A lot of what I do is the result of circumstance and inclination. I do lots of editing and some writing, but most of it is the result of work I came up with on my own. I go to staff meetings, I listen to people, I figure out the processes and then I document them, which helps improve them. I also am good at spotting places where we need some kind of documentation, and then creating it. I'm an organizer, I am an ear for anyone with a problem, and I tend to be a bit of a peacemaker and motivator.
Please tell me this doesn't sound like management. Because I'm starting to suspect that all of my skills and inclinations are pushing me that way, where I don't think I really want to go.
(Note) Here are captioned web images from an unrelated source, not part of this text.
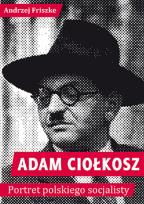 Okładka książki Adam Ciołkosz Portret polskiego socjalisty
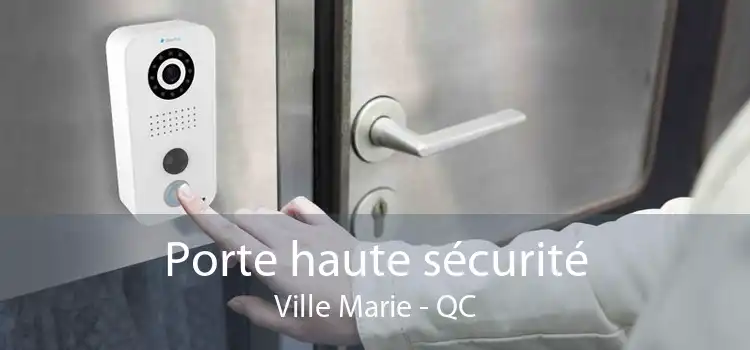 Porte haute sécurité Ville Marie - QC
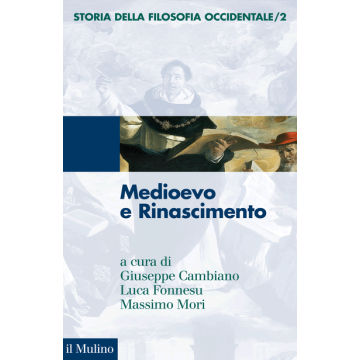 Storia Della Filosofia Occidentale. Vol. 2: Medioevo E Rinascimento. Medioevo E Rinascimento - Cambiano G. ; Fonnesu L. ; Mori M.  - Il Mulino - 9788815252562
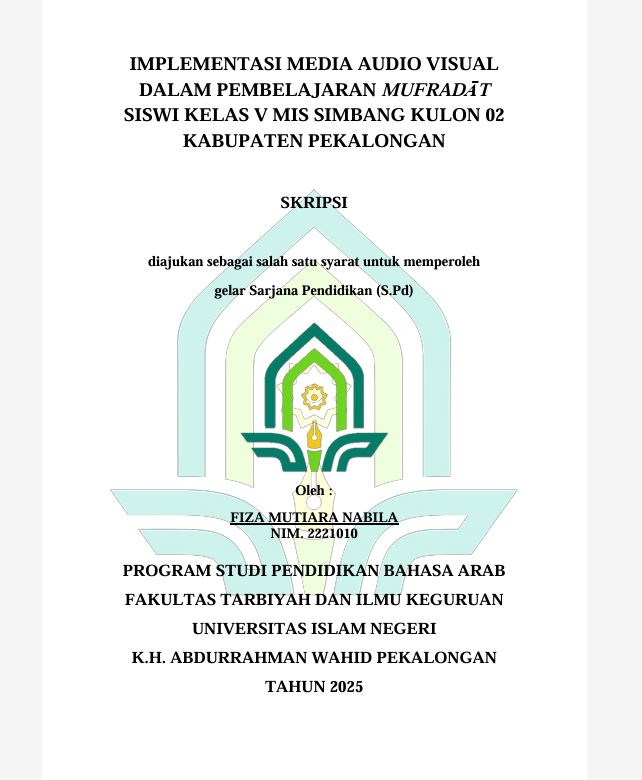 Image of Implementasi Media Audio Visual Dalam Pembelajaran Mufradat Siswi Kelas V Mis Simbang Kulon 02 Kabupaten Pekalongan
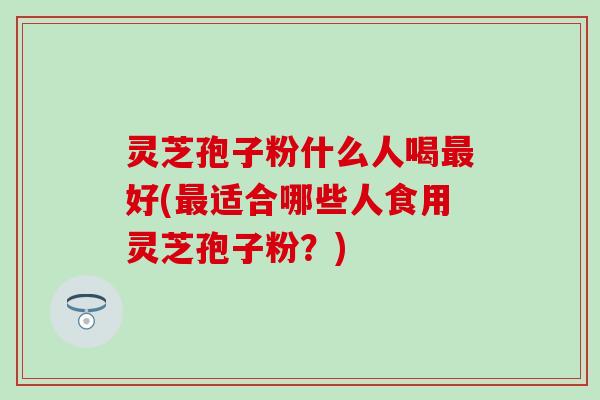 灵芝孢子粉什么人喝最好(最适合哪些人食用灵芝孢子粉？)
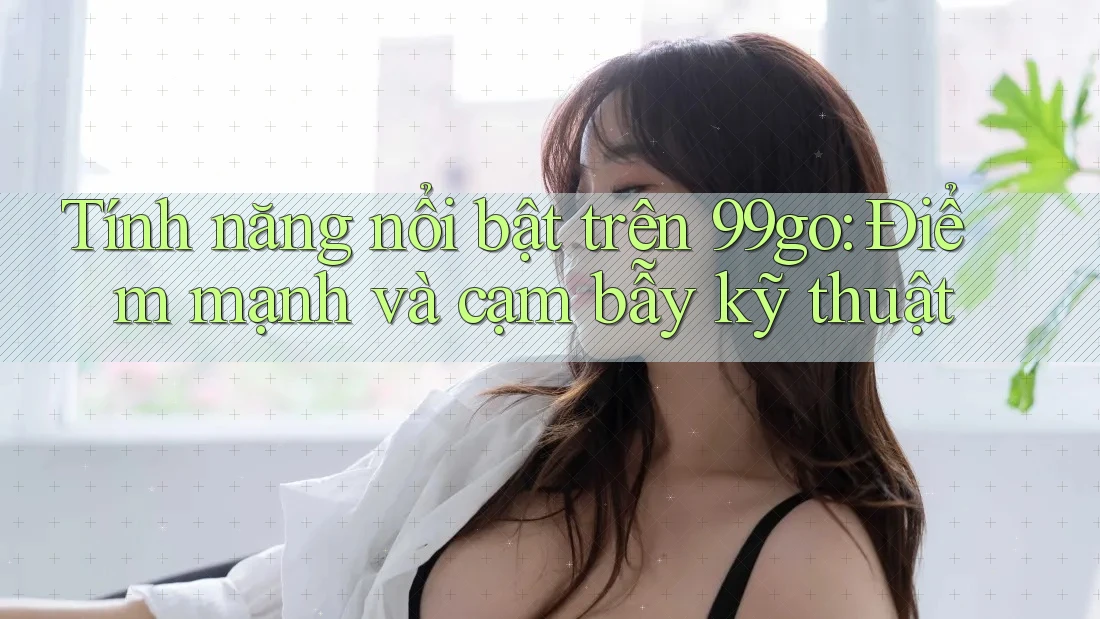 Tính năng nổi bật trên 99go: Điểm mạnh và cạm bẫy kỹ thuật Tính năng nổi bật trên 99go: Điểm mạnh và cạm bẫy kỹ thuật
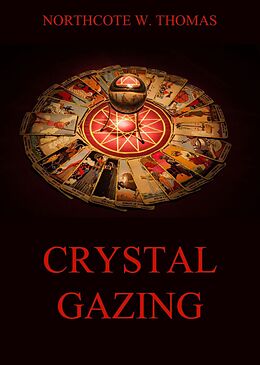 eBook (epub) Crystal Gazing de Northcote W. Thomas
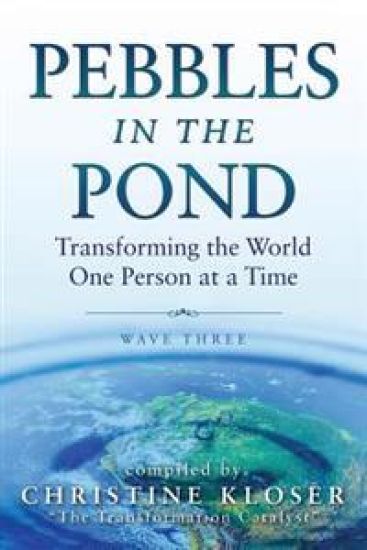 Pebbles in the Pond (Wave Three): Transforming the World One Person at a Time
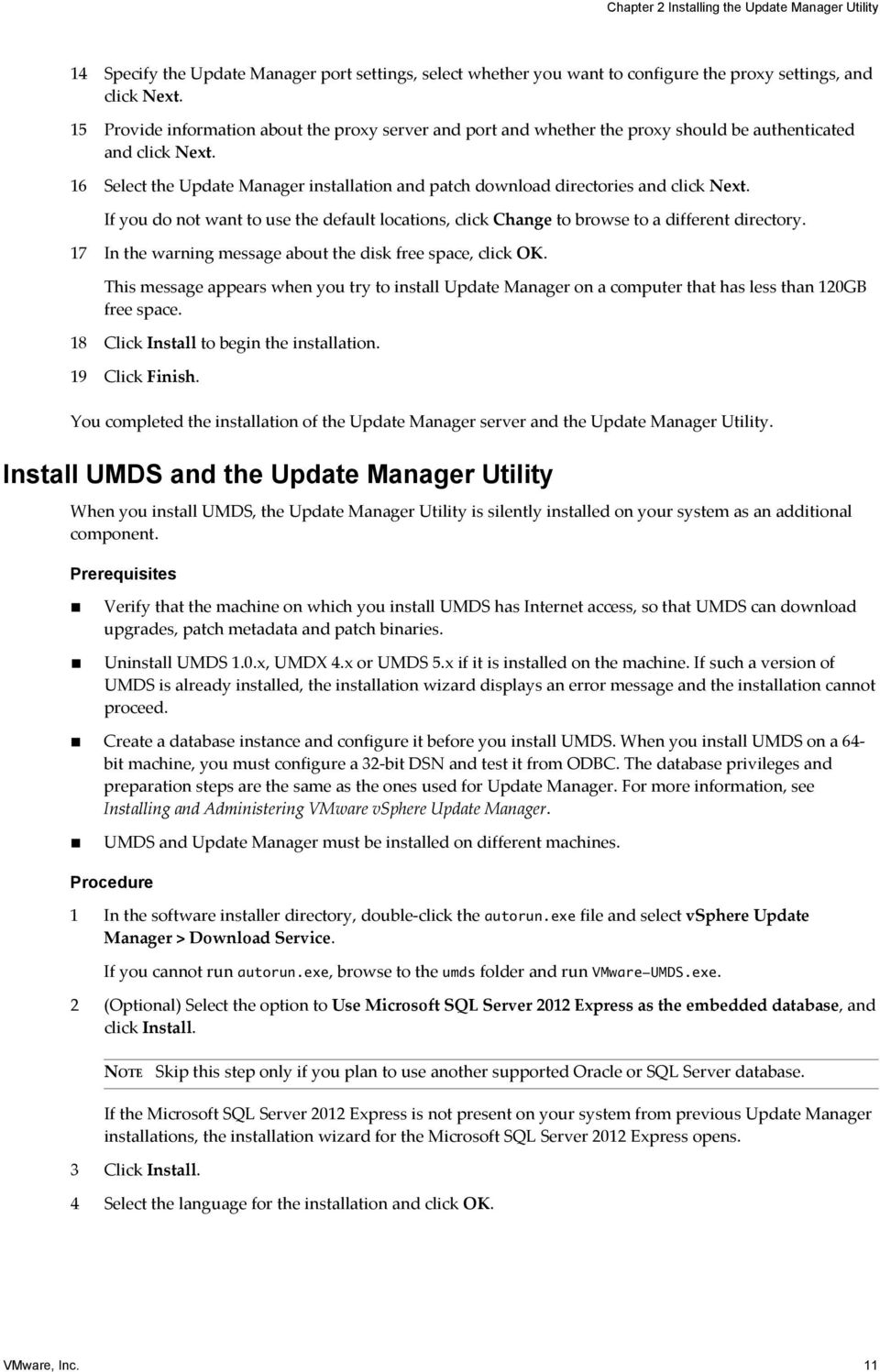 16 Select the Update Manager installation and patch download directories and click Next. If you do not want to use the default locations, click Change to browse to a different directory.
I'm not a spotlight or authority loving person, I like the behind-the-scenes contribution and the execution of authority, not the weilding of it.
Career decisions are not my favorite thing. I just want to be happy and have interesting, challenging work. Is that so hard? I have battles to fight in other places, I donít want to do it here too.
And I'm being sent to technical training classes that are ever-so-slightly above my head. This is scary. This is also a great opportunity, and opens the possibility that I can move forward with that part of my career plan. If I have to be management some day, let it be technical management. I'm too much of a dork to do any other kind.
And the shit going down at work is of the internal battle and new overlord kind. I can't control anything, but I have some stuff I simply must sit down and talk to my boss about. I'm going crazy, and I can't actually get anything done at work right now because I am so very worried about everything. At least today people were talking to me. First time this week. I don't know if they've been avoiding me or if I've just been missing the cues, but it's been lonely and anxious at my workplace this week.
I don't want a new job. I want my job to get better. I want to be effective, I want the shit to stop hitting the fan every five minutes, and I want to know what the fuck is going on. Because something is, and it's affecting everything.
Yeah. Tomorrow. Don't want to go through the whole holiday weekend without at least airing my concerns. And then! Three day weekend! Niece birthday! Dad in town! Bourbon! Yay!
Wound up in knots, I am. Wish me luck tomorrow.